Dead Horse A-twitchin’: Arkansas State’s success breathes new life into old debate, Part 1

You probably don’t want to look.
That poor horse, dead as doornail, flat on its back in a fog of speculation.

It’s been lying there since 1946, you know – ever since John Barnhill arrived in Fayetteville as Arkansas’ coach and athletic director and instituted a policy of not playing in-state school in any sports.
At the time, the likes of LSU and Alabama were swooping into his state and snatching its best high school players. There was no way to compete with this if Arkansas was fractured into multiple programs of similar size.
Nope, there had to be one program dominating the market,he thought. Let’s cultivate fervent loyalty to stretch into future generations whose best players wouldn’t think twice about declining LSU or Alabama’s overtures to play for their home-state favorites.
Now, why shouldn’t that program be the Arkansas Razorbacks?

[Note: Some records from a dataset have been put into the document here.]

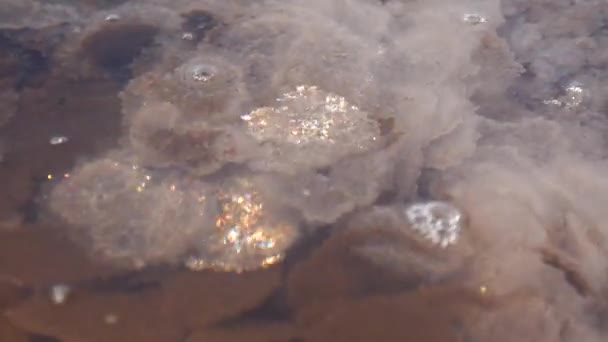 Ujście Kuyalnika Morze Czarne Sól Stołowa Postaci Okrągłych Naleśników Dnie — Wideo stockowe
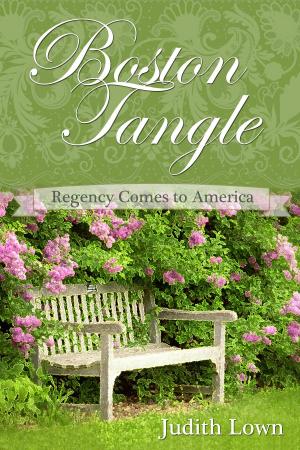 Cover of the book Boston Tangle by Kim Luke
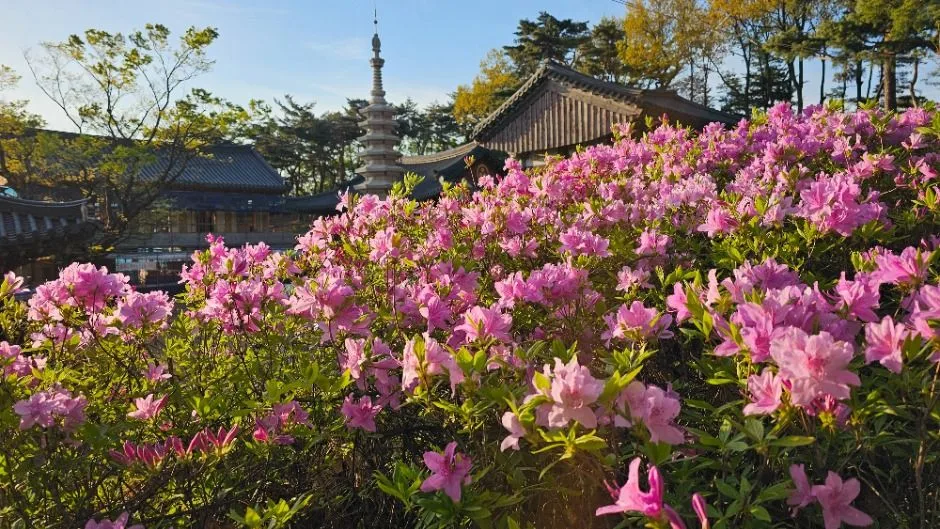 서울_호압사(서울) (17)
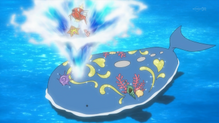 Magikarp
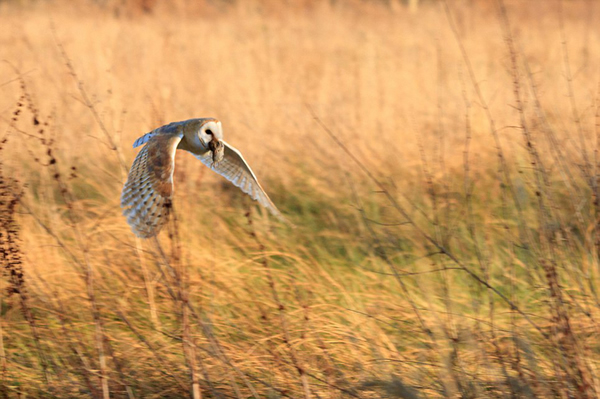 Ӣ����һֻ�����ڿ���͵Ϯһֻ���������èͷӥ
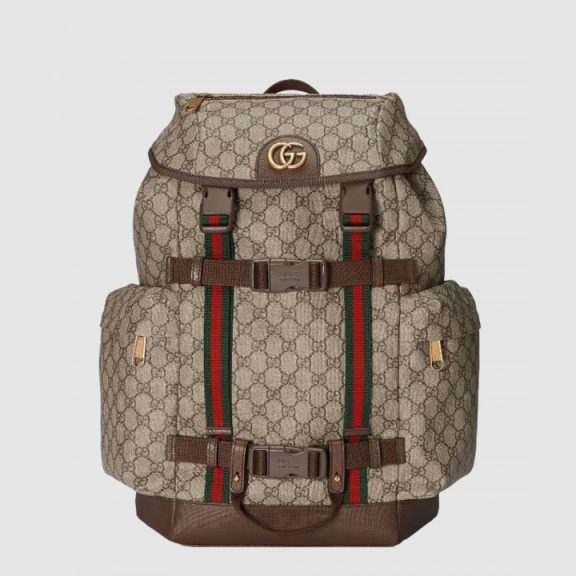 Web GG Skateboard Backpack 690999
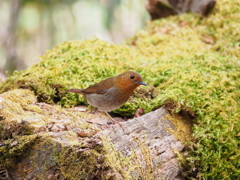 5月の森の鳥のうた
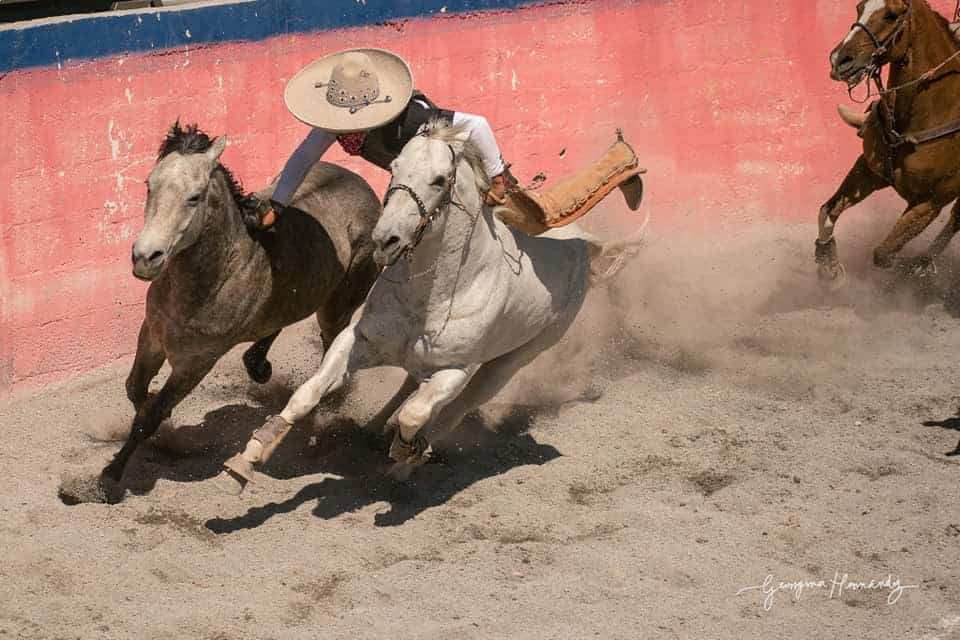 Los encuentros se llevan a cabo en Arteaga.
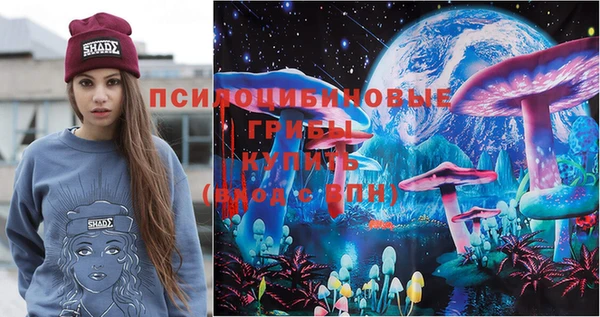 индика Алзамай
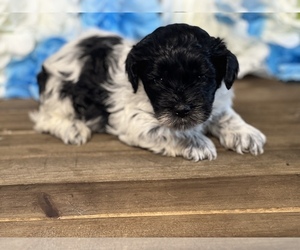 Biewer Terrier-Poodle (Toy) Mix Puppy for sale in SAINT AUGUSTINE, FL, USA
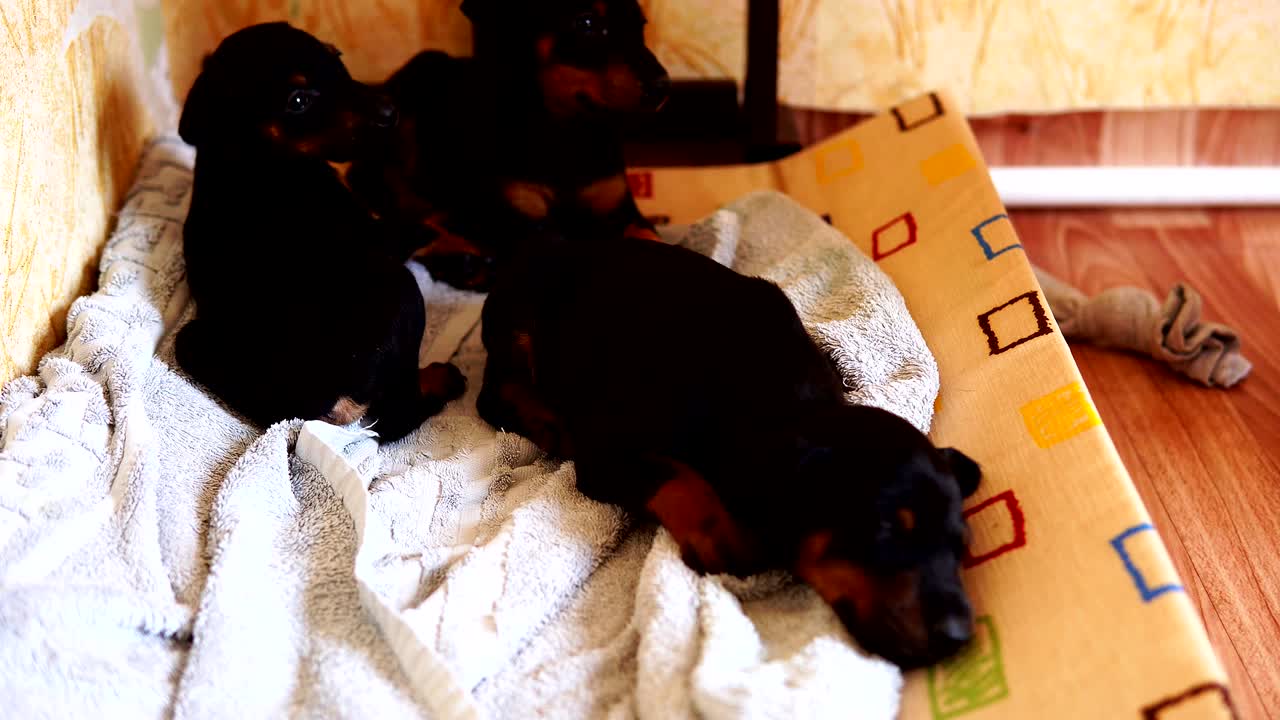 귀여운 강아지 품종 도버먼은 침대에 준비되어 있습니다. 작은 개.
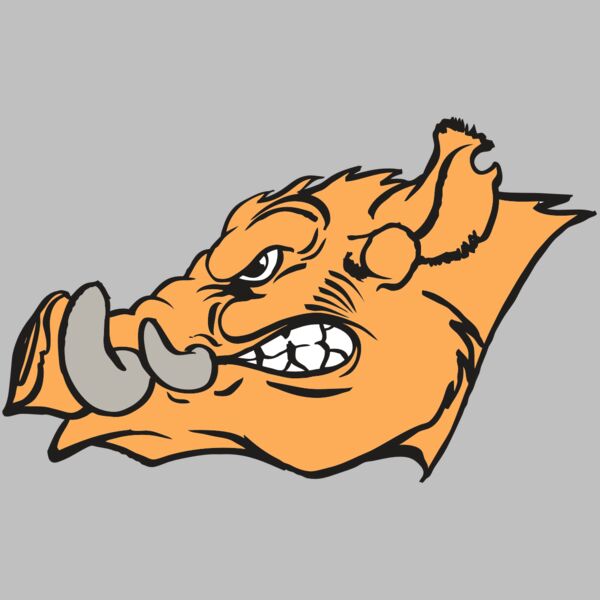 AR RAZORBACK 27 RC Thumbnail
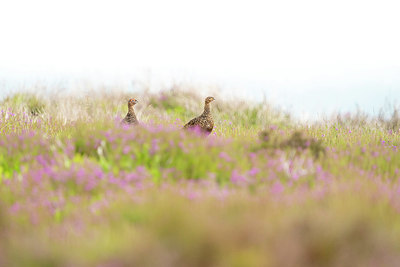 BUITEN BEELD Foto: 421166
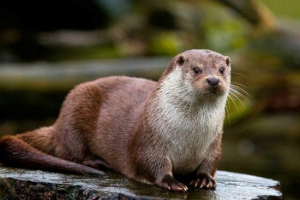 River otter River otter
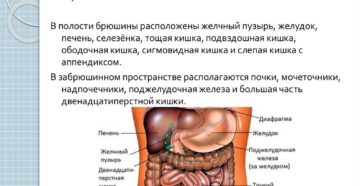 Самая крупная железа человека которая вырабатывает. Самая большая железа человека. Брюшная полость и брюшина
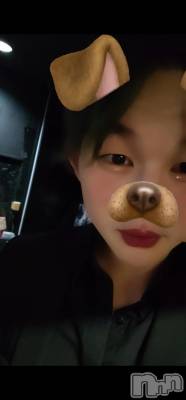 ��Į�ۥ��ȡ��ܡ������С�A151(�����������ݥ���) ŷ�Ȥդ��Ƥ�(99)��2��25���̥�֥�����ȱ���Ѥ��衼��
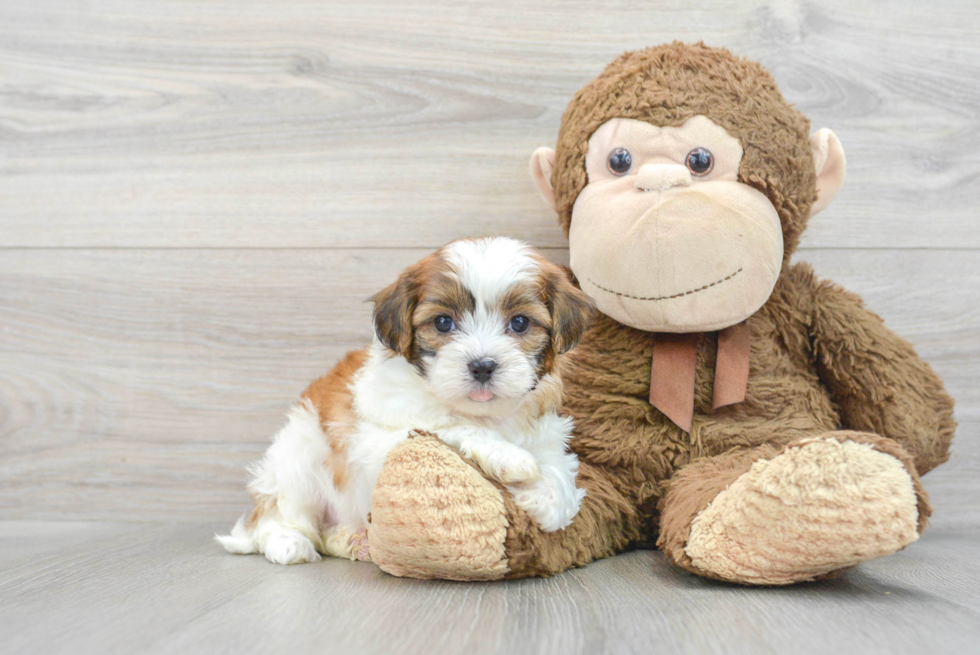 Best Shih Poo Baby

Look closely at the horse. It’s been there an awful long time, yet it’s hardly decayed.
Behold! On closer inspection, the damn thing appears to have twitched a time or two.
Impossible. It’s been dead so long, right?

Many Razorbacks fans prefer to roll their eyes when the question of whether Arkansas should play Arkansas State arises. This horse has been beaten a million times, they’ll say, and though plenty reasons have been thrown out as to why Barnhill’s policy has endured through the decades, there’s one common argument used most frequently:

“It’s as simple as this: Win, and no one is impressed because you were supposed to win to begin with”, Hogville poster JamesWParks wrote in 2007.
“Lose, and your [sic] a laughing stock.”

And so it has been for generations. First, longtime UA athletic director Frank Broyles upheld Barnhill’s decree. Since 2008, current UA atheletic director Jeff Long has done the same.

But while the major reasons for keeping the UA from sweating with its in-state brethren have remained the same for decades, reasons to reconsider that policy are evolving. That process, it appears, is speeding up.